We can drop the first part of the hostname (init) and the domain (totallylegit[.]com), leaving us with a seemingly random string. From the character set we could be dealing with more base64, however as the standard base64 character set is not safe for use within URLs, we will have to specify the base64url decoding instead. Fortunately CyberChef makes this trivial by offering multiple Alphabets as an option in the From Base64 operation.

c2VjcmV0LnR4dHwx

This looks promising!
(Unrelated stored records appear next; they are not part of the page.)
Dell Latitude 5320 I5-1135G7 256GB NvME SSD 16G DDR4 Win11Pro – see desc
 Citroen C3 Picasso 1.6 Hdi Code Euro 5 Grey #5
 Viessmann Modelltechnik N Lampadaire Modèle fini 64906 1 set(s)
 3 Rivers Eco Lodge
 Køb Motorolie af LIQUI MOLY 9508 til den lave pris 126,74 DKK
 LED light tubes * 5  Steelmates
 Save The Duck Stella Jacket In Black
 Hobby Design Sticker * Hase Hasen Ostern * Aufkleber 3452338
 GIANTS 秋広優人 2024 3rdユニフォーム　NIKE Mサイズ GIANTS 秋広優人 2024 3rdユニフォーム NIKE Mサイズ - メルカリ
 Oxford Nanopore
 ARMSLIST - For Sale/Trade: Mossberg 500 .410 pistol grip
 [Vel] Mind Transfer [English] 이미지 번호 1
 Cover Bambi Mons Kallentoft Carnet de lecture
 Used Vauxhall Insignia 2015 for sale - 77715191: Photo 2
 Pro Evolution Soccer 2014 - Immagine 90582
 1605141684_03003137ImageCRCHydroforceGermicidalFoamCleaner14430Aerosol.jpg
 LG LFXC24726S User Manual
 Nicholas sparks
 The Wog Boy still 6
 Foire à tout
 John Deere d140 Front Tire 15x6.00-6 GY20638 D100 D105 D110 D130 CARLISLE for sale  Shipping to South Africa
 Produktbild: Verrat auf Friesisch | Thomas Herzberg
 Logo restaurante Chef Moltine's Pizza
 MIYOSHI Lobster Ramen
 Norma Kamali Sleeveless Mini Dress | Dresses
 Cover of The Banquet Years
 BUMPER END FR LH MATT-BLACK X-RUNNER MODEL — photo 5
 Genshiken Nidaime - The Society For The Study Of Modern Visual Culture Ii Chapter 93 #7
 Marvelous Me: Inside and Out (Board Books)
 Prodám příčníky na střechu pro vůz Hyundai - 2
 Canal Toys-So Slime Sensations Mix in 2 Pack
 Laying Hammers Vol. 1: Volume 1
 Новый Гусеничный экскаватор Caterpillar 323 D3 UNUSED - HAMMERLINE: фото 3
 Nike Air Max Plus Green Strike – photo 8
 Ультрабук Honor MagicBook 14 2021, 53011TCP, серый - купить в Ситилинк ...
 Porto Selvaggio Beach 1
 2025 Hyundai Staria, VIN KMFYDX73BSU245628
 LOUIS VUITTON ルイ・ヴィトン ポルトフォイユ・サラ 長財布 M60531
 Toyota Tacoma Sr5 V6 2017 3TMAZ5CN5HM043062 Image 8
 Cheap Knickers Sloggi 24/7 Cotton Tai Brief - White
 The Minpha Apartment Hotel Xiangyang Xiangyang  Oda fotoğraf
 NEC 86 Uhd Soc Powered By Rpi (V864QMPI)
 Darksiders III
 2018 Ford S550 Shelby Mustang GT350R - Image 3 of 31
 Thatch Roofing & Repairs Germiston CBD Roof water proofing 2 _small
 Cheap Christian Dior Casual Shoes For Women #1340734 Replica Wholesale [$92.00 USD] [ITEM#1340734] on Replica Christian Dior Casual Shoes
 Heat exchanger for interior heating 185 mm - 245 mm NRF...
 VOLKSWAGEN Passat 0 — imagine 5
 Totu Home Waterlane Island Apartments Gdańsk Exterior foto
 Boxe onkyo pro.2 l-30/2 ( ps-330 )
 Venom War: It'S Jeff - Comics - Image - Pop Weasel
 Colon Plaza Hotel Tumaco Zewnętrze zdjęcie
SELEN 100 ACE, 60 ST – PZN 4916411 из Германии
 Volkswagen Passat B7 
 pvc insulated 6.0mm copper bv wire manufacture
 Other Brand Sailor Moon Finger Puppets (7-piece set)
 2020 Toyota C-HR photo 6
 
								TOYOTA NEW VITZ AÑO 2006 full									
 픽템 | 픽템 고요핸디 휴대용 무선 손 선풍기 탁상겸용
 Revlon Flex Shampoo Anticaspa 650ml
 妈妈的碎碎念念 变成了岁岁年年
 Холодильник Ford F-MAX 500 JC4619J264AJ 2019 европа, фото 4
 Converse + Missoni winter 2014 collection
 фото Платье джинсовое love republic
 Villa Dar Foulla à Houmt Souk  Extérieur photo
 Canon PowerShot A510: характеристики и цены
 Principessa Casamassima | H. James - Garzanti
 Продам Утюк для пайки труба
The first DNS request did in fact contain base64 (strictly speaking, base64url) data, which decoded to:

secret.txt|1

The second DNS request is for the following TXT record:

0.0ejXWsr6TH-P_1xkEstaVwi7WDy8AcxufnGotWXH3ckb2Lh5A-qFljIWOAOLUS0.T1W8P4CpiCZbCM7_QKcv-r0JG29RpsyYY5YkZRxo7YDIYUJpHlGgxu5PWV1G_DA.KNrmnrktfbeDgzcpPJBjPTeMYx3Qs1Q6bAuFhROWXemJ80gPTYIz0xl8usJQN3m.w.totallylegit.com

Again, after dropping the first, and trailing parts of the request we are left with the following base64url encoded string:

0ejXWsr6TH-P_1xkEstaVwi7WDy8AcxufnGotWXH3ckb2Lh5A-qFljIWOAOLUS0.T1W8P4CpiCZbCM7_QKcv-r0JG29RpsyYY5YkZRxo7YDIYUJpHlGgxu5PWV1G_DA.KNrmnrktfbeDgzcpPJBjPTeMYx3Qs1Q6bAuFhROWXemJ80gPTYIz0xl8usJQN3m

As before, decoding this in CyberChef with the URL Safe alphabet works, but the data appears to be corrupt…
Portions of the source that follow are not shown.